Life is short and there are millions of books I will never get the chance to read in my lifetime, so why am I still reading this weak  SciFy novel?

I’m hesitant to put it down because I know there is something I can learn from it. Besides the fact that the book is way more detailed than I prefer, I can’t put my finger on a good reason for my dislike for the book. I keep going down the list of things I typically pick on in fiction: weak and inconsistent characters, too quick and convenient of a plot, bad writing, ect. Although the writing is not excellent, it is better some YA novels I’ve read lately. The author lays everything out a bit too cleanly (often more wordy than necessary) but the plot keeps moving forward at a good pace. The characters are round and unique but they’re not capturing my attention. The SciFi aspects are strange and working well with the story but the world as a whole doesn’t make sense to me.

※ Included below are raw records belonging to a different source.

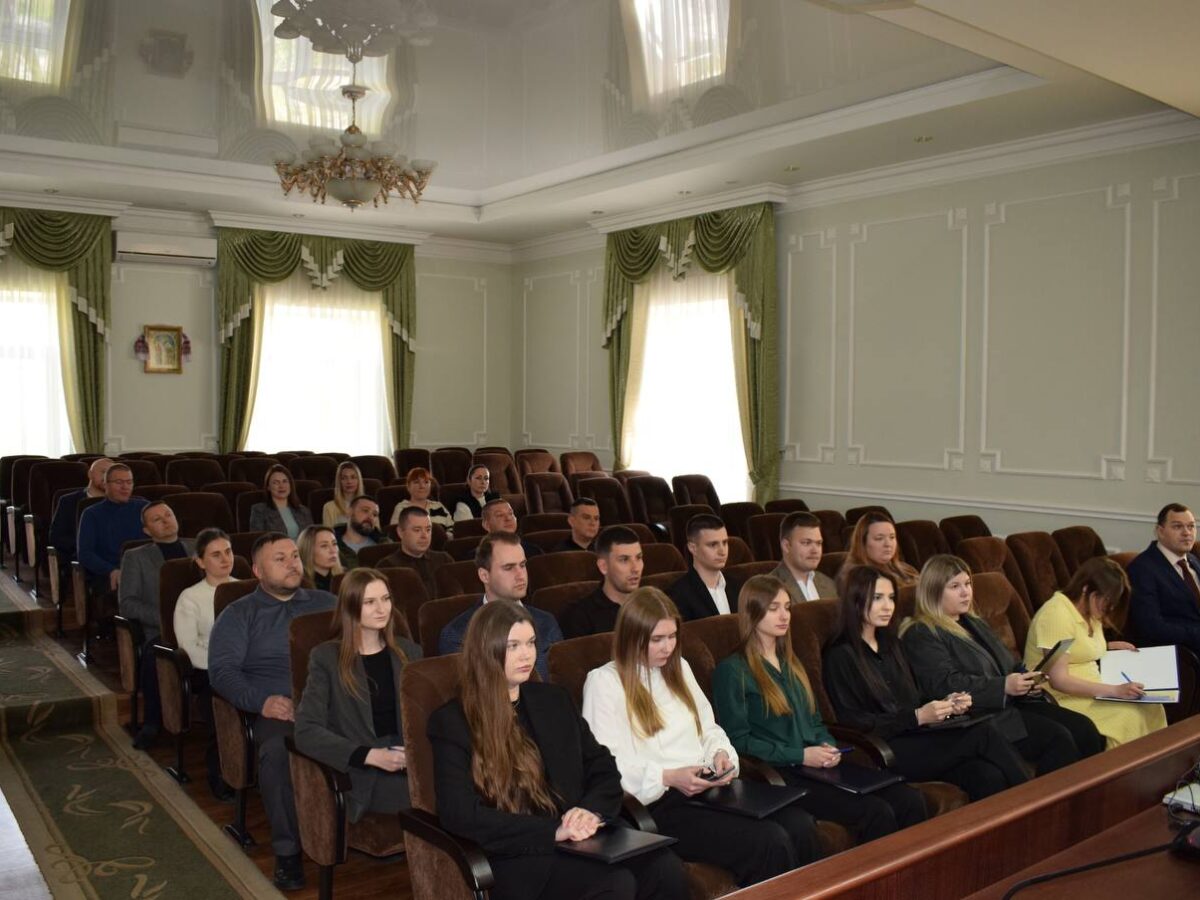 У Черкаській області склали присягу 13 нових прокурорів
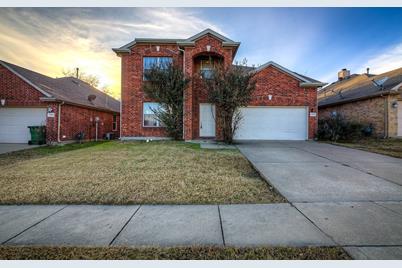 7302 Cresswell Drive, Arlington, TX 76001 - Photo 1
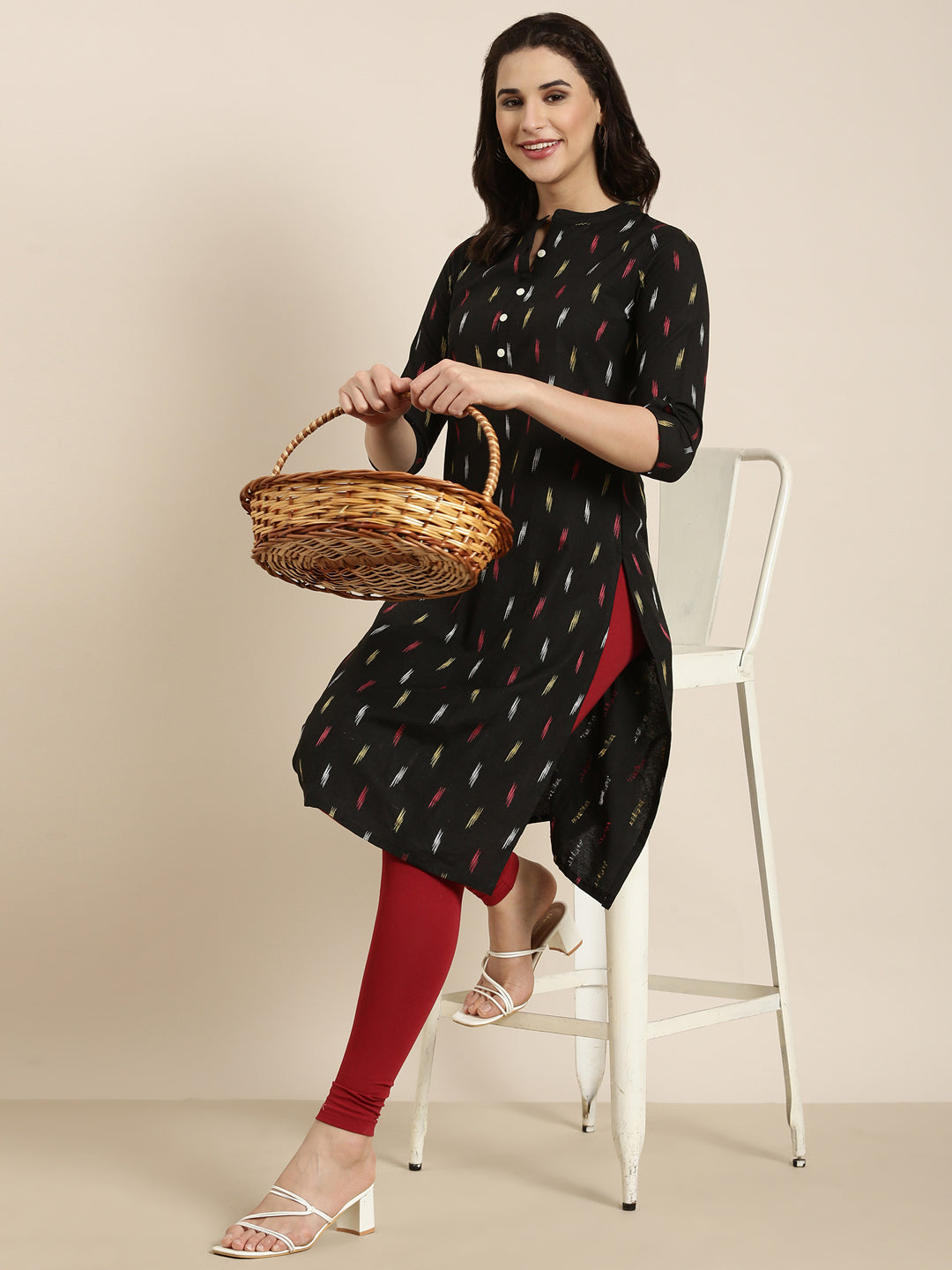 Women Straight Black Geometric Kurta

I read for two reasons: 1) because I enjoy it and 2) because I want to absorb as much as possible to improve my own writing. If I toss this book aside, I won’t learn what not to do in my own writing.

So I guess the answer for when to put down a bad book, is once I’ve learned something from it.

 

How quickly do you toss a book out that is not capturing your attention?

Have you come across this dilemma lately? What did you do?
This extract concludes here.